Os derivativos de juros reforçam essa leitura: segundo a precificação mais recente, há 85% de chance de a Selic permanecer em 15% até dezembro, e 58% de probabilidade de que essa taxa continue em vigor até janeiro.

Foco total: inflação próxima de 3%

O presidente do Banco Central, Gabriel Galípolo, já deixou claro por diversas vezes que o foco do Banco Central é atingir o centro da meta de inflação definida pelo CMN (Conselho Monetário Nacional), do qual fazem parte os ministérios da Fazenda e do Planejamento, e o BC, em 3% e não o teto de 4,5%. A ideia é persegui-la mesmo que isso signifique manter os juros em patamar elevado por mais tempo.

Embora criticado por parte dos empresários, do setor produtivo e dentro do próprio governo, como já disse o ministro Fernando Haddad (Fazenda) em entrevista ao ICL Notícias 1ª edição, o posicionamento conservador vem sendo bem visto por investidores estrangeiros, que observam o real valorizado, os prêmios de risco controlados e o IPCA (inflação oficial) em queda como sinais de estabilidade — algo escasso em muitas economias emergentes.
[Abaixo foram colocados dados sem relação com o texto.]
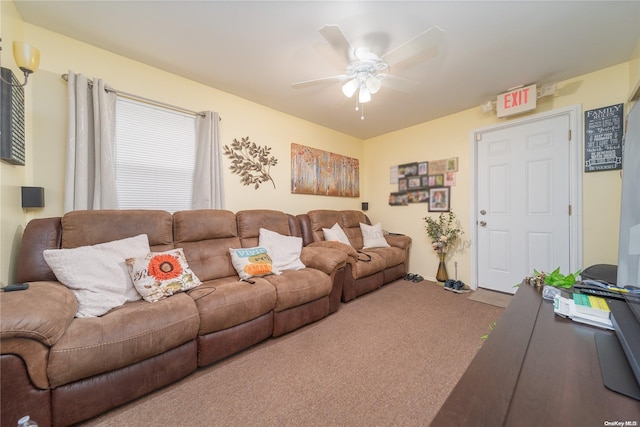 carpeted living room with ceiling fan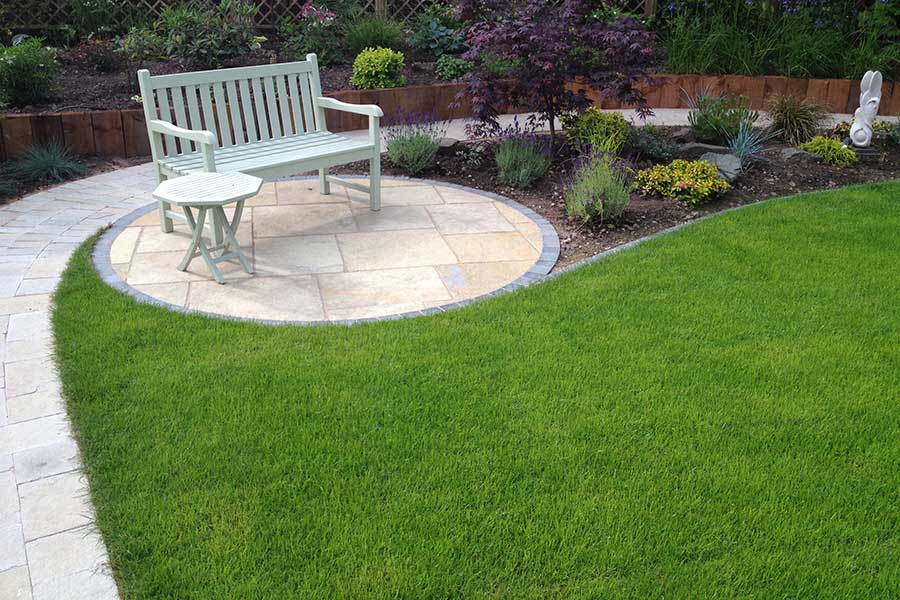 Luscious green green lawn surrounded by a natural stone patio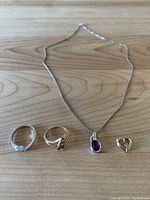 All jewelry items laid out on wood surface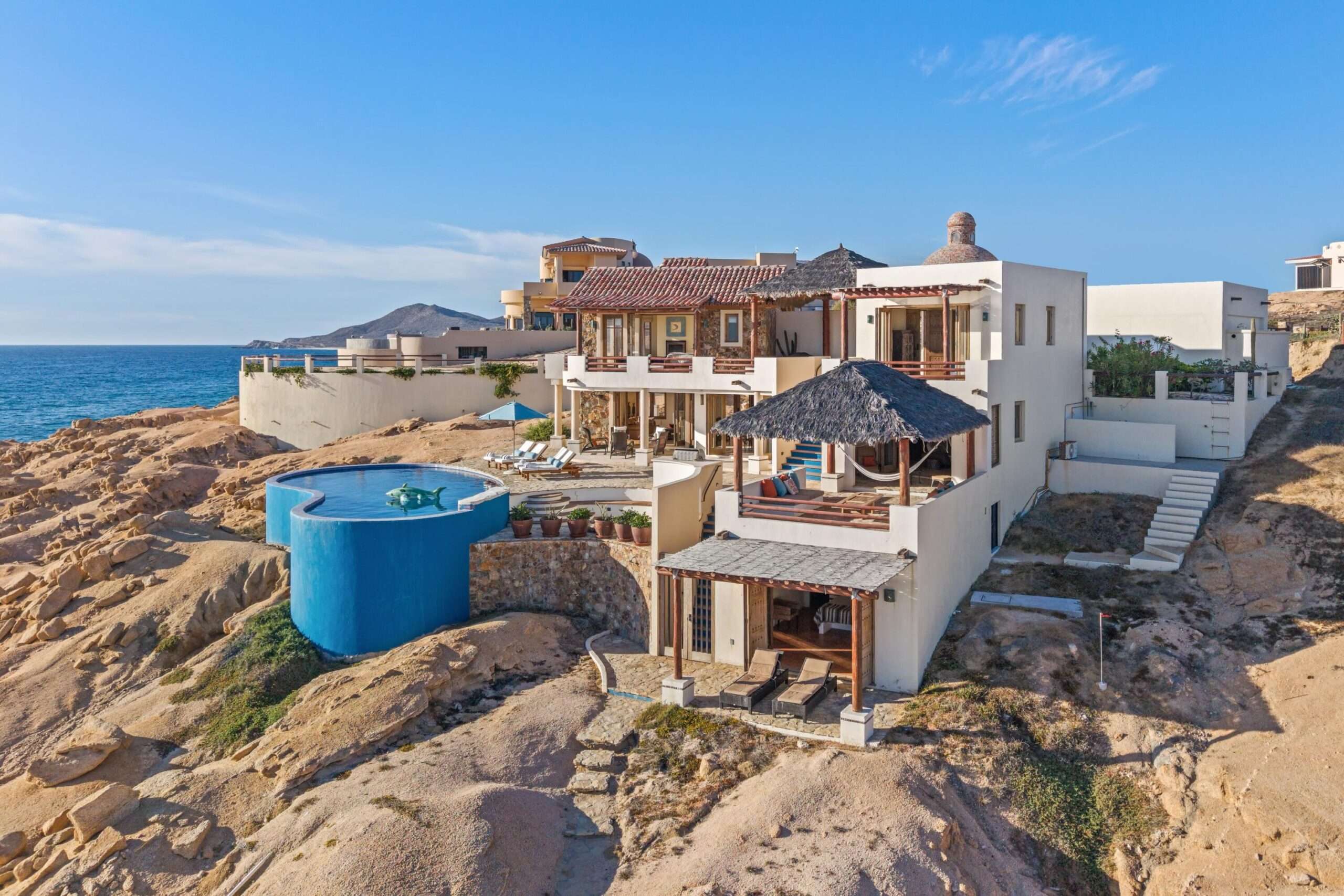 Four Seasons Cabo Rancholasmargaritas Casa Playa Escondida - Oceanfront Luxury in Baja California SurPerched dramatically on the rocks above the Pacific Ocean, Casa Playa Escondida is a rare oceanfront retreat set along a secluded, pristine stretch of beach. Located within the exclusive off-grid gated community of Rancho Las Margaritas, this one-of-a-kind property offers privacy, tranquility, and breathtaking natural beauty--just a 20-minute drive to the dining and shopping of Cabo San Lucas, 40 minutes from Los Cabos International Airport, and approximately 30 minutes south of Cerritos and Todos Santos.The residence features three spacious ensuite bedrooms, each privately situated yet connected by terraces, pathways, and shared gathering spaces. A dedicated media room offers flexibility as a fourth bedroom or additional guest suite.Expansive terraces and multiple lounging areas provide a variety of vantage points to take in the surrounding landscape, from the rugged coastline to the endless Pacific horizon.The gourmet kitchen is equipped with high-end appliances and designed for both functionality and style. A warm and inviting living and dining area, anchored by a striking fireplace, creates the perfect space for entertaining or relaxing with family and friends. The home is offered fully furnished with includes modern off-grid conveniences such as solar power.Outdoor living is equally exceptional, featuring a swimming pool, firepit, grilling area, and multiple seating spaces--ideal for enjoying the serene coastal setting for sale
Gasolina mais barata pode antecipar alívio inflacionário

Um fator que pode mudar esse cenário — ou ao menos pressionar o BC por uma postura mais flexível — é a recente decisão da Petrobras de reduzir o preço da gasolina. O anúncio pode acelerar a queda da inflação e antecipar o retorno da taxa aos limites da meta estabelecida pelo CMN ainda este ano.

De acordo com o Banco Central, em carta publicada em junho de 2025, a expectativa era de que o IPCA retornasse à faixa de tolerância apenas no final do primeiro trimestre de 2026. Caso a meta fosse estourada até lá, seria necessária a publicação de nova carta explicativa à sociedade.

Mas o corte no preço do combustível, segundo projeções de analistas, pode retirar 0,1 ponto percentual do IPCA acumulado de 2025, o que ajuda a reduzir as expectativas de inflação.

Projeções em queda e cenário mais benigno

O Boletim Focus divulgado na segunda-feira mostra a mediana das projeções de inflação para 2025 em 4,70%, levemente abaixo dos 4,72% da semana anterior. A tendência é de novas revisões para baixo nos próximos dias, à medida que o impacto da gasolina mais barata for incorporado aos modelos.

Se essas previsões se confirmarem, o IPCA de 2025 pode ser o mais baixo desde 2019, quando a inflação fechou o ano em 4,31%. Em abril deste ano, o mesmo indicador era projetado em 5,7% — uma diferença de mais de 1 ponto percentual em poucos meses.

Esse movimento de desinflação é atribuído a uma combinação de fatores:

  • Valorização do real
  • Surpresas positivas na inflação corrente
  • Postura conservadora do Banco Central
  • Arrefecimento da atividade econômica

Conservadorismo com custo

Embora a política monetária do BC tenha ancorado expectativas e ajudado a estabilizar o câmbio, há um custo: o crescimento da economia tem mostrado sinais de desaceleração. A combinação de crédito caro, consumo em queda e investimentos travados começa a afetar as projeções do PIB para 2026.

Setores da indústria e do varejo têm cobrado um sinal mais claro de flexibilização da política monetária. Para parte do mercado, essa atitude busca evitar reversões abruptas nas expectativas e garantir que a inflação seja controlada de forma estrutural, e não apenas conjuntural.